Angesichts der jüngsten Bemühungen der Politik, die Klassengrößen zu senken, kommt die IHS-Studie laut Bernhard Felderer zu einem überraschenden Ergebnis: Faktoren wie Klassengröße, Unterrichtszeit oder Ausbildung der Lehrer würden „keine große Rolle für die Kenntnisse der Schüler spielen“.

Dagegen hätten andere Faktoren wie familiäre Situation, sozialer Hintergrund, Auswahl der Lehrer, Zusammensetzung der Schulklassen einen viel größeren Einfluss. Für Felderer ergibt sich daraus ein „Steuerungsdilemma: jene Variablen, die leicht zu beeinflussen sind, sind nicht so leicht zu verwenden, wir müssen für Reformen tiefer greifen“.

Kritisch sieht der IHS-Chef die Konzentration der Reformdiskussionen auf das mittlere Bildungssegment. Dagegen gebe es im tertiären Sektor (Unis, Fachhochschulen, etc.) zu wenige Abschlüsse und auch eine zu geringe Differenzierung im Vergleich zu anderen Ländern.

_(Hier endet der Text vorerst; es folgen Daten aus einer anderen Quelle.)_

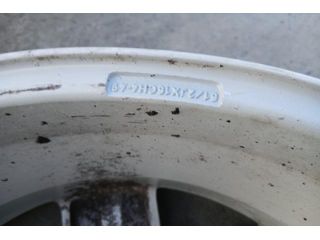 bontott RENAULT GRAND SCÉNIC Alufelni Szett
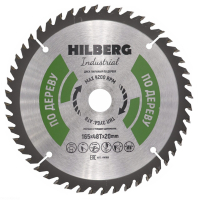 Диск пильный Hilberg Industrial Дерево 165*20*48Т HW166_2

Fachhochschulen pushen Statistik

„Gott sei Dank gibt es die Fachhochschulen, sonst würden wir arm dastehen“, sagte Felderer. Schwierigkeiten ortet er auch im untersten Bildungssegment, etwa was den Unterricht von Schülern betrifft, die schlecht Deutsch können, solche mit Migrationshintergrund oder aus sozial schwächeren Schichten. Indiz für Probleme in diesem Bereich sie die Tatsache, dass noch immer neun Prozent eines Jahrgangs keinen höheren Abschluss als die Pflichtschule aufweisen würden. „Ich glaube nicht, dass wir uns das noch leisten können“, sagte Felderer.

Die Frage sei, wie man solche schlechter ausgestatteten Schüler, aber ebenso Hochbegabte besser fördern könne. „Eine weitere Differenzierung des Schulsystems wird unerlässlich sein, in welcher Struktur das gemacht wird, wird die weitere politische Diskussion zeigen“, zeigte sich Felderer vordergründig zurückhaltend bei der Frage nach seiner ökonomischen Beurteilung der geplanten Gesamtschule. Gleichzeitig machte er aber klar, dass derzeit weder hochbegabte Schüler noch solche mit Migrations- oder bildungsfernem familiärem Hintergrund „in dieser Art von Schule, die wir heute haben, richtig gefördert werden“.

Das IHS gebe kein eindeutiges Plädoyer für eine „Gemeinsame Schule“ ab, aber wichtig für die Zukunft des Landes sei, dass man nicht Gruppen liegen lasse, und das tue man derzeit. „Damit eine gemeinsame Schule funktionieren kann, bedarf es bestimmter Strukturen, man braucht ein sehr differenziertes System von Kursen, eine bestimmte Größe der Schulen und auch viel mehr Mittel als man heute hat. Diese Schule kann nicht billiger werden“, sagte Felderer.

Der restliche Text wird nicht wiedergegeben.